Half-Life 2 for Linux Review
key review info
- Game: Half-Life 2
- Platform: Linux
- Gamepad support: N/a
- Reviewed on:
- Show system requirements
Gamers only have to say the name Half-Life 2 and everyone knows what the game is all about, but Linux gamers are not accustomed with this kind of quality. We'll take a closer look at this game that only recently managed to arrive on the Linux platform.
The fragmentation of the Linux community has been (and still is) the biggest hurdle for any major gaming company. Some studios released the source code for various smaller titles in the past, but the porting work has been marginal, at best.
The first company to break the ice, and by this I mean to invest a colossal sum of money in the Linux platform, was Valve. It was the first to provide a digital distribution client for games when users were still battling for enough bandwidth.
The presence of Half-Life 2 on Linux is actually an investment in the future, made by Valve, but how does it actually hold up to scrutiny? Was it worth it?
Installing Half-Life 2 is impossible without installing Steam for Linux first. This is actually quite simple and it can be done in a couple of ways. The methods shown here have been tested in Ubuntu 13.04 64-bit.
You can download the .deb file from the official Steam website and run it with a simple double click. This action will open Ubuntu Software Center, which will take care of the rest (you can also install straight from USC, but you're going to need an account and that's too much of a hassle).

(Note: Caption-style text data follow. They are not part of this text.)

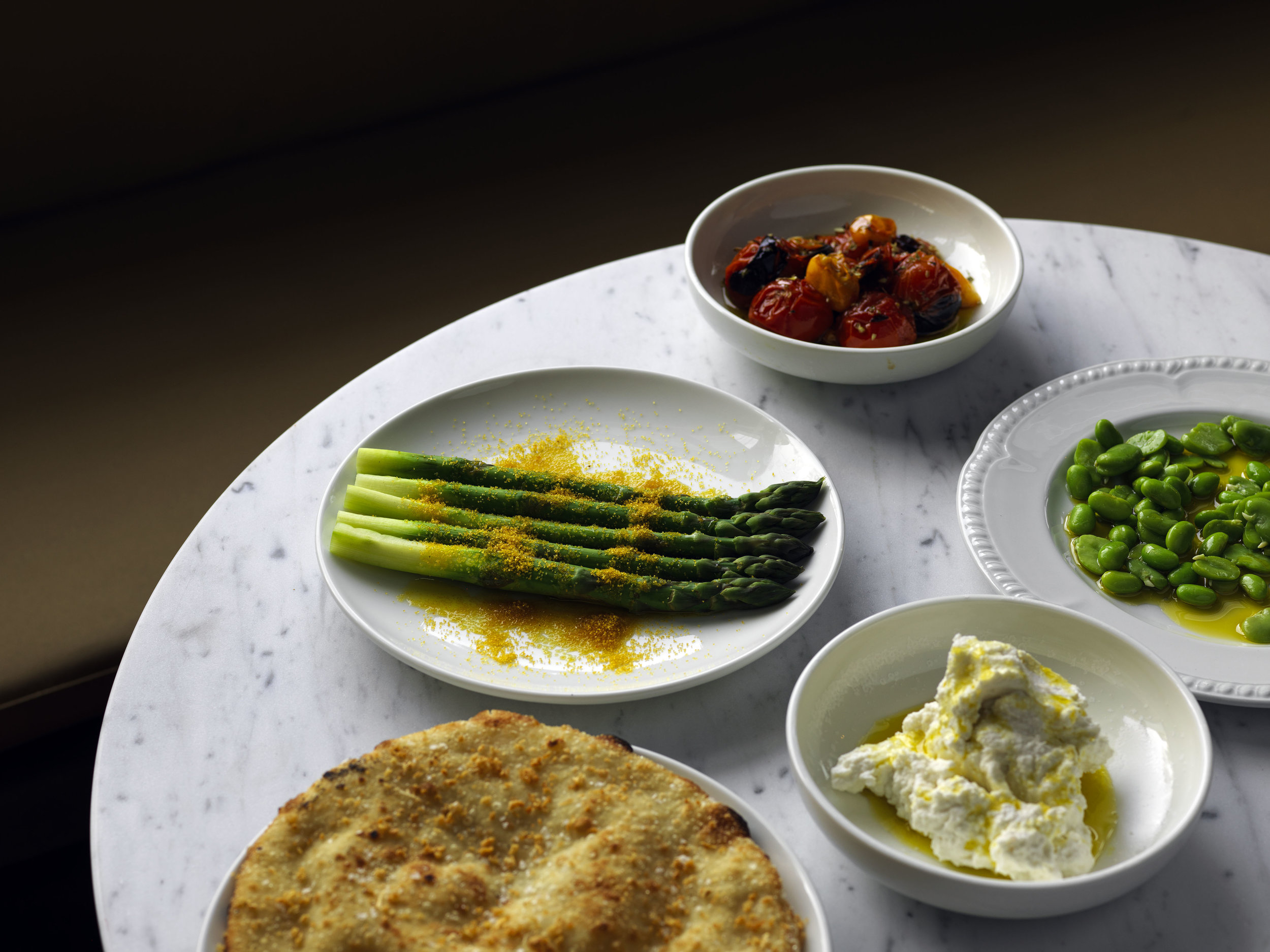 608390fdfa-Blistered-Cherry-tomatoes,-Whipped-buffalo-ricotta,-asparagus-with-bottarga,-broadbeans-&-edamame,-garlic-pizza-fritta-1.jpg
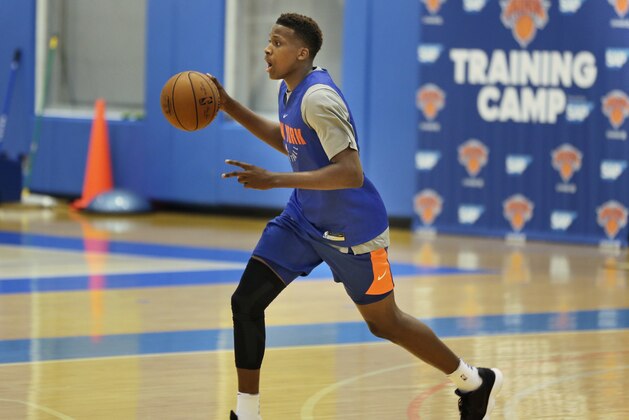 New York Knicks' Frank Ntilikina participates in a practice in Greenburgh, N.Y., Tuesday, Sept. 26, 2017. (AP Photo/Seth Wenig)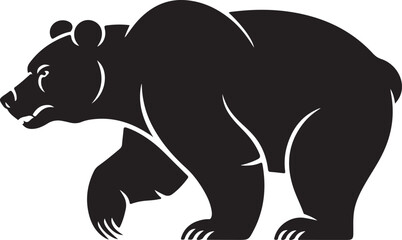 Obraz premium Silhouette of a Bear in Profile Modern Minimalist Animal Outline Design for Wildlife Art and Nature Illustrations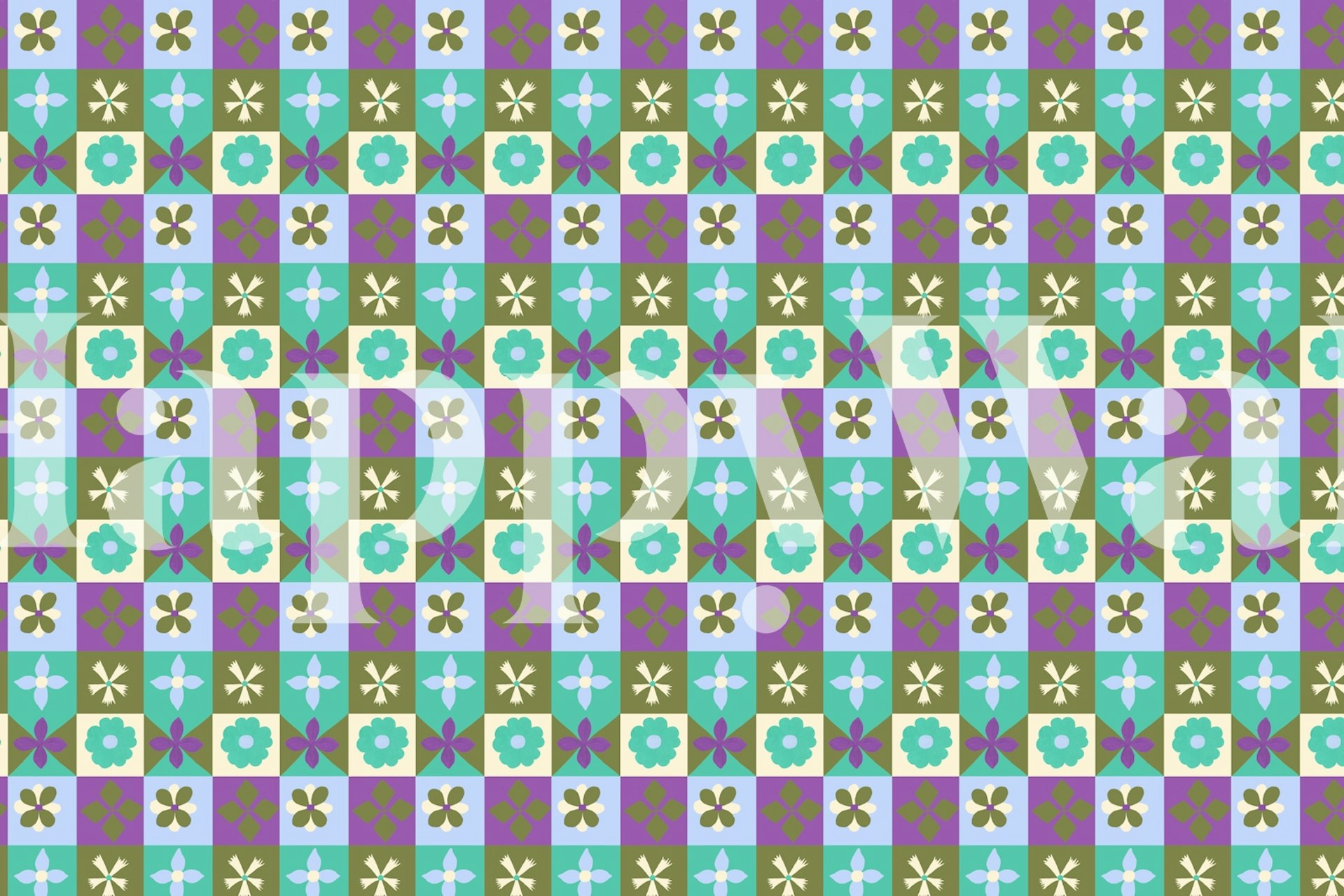 Folktile Tapete in einem modernen Raumsetting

The second method is somewhat cleaner and it's done in a more purist way. Download the .deb file from the Steam website, open a terminal, navigate to the location of the file, and enter the following command:
sudo dpkg -i steam.deb
If the installation fails due to some missing dependencies, just enter the following command in the same terminal:
sudo apt-get install -f
The command will trigger the dependency download and the rest of the Steam .deb installation.
Story and Gameplay
Even the most hard-core Linux users have heard of Half-Life 2, or at least the ones that are, at most, pushing 40. The story of Gordon Freeman’s origins is well known and it goes back to the first Half-Life.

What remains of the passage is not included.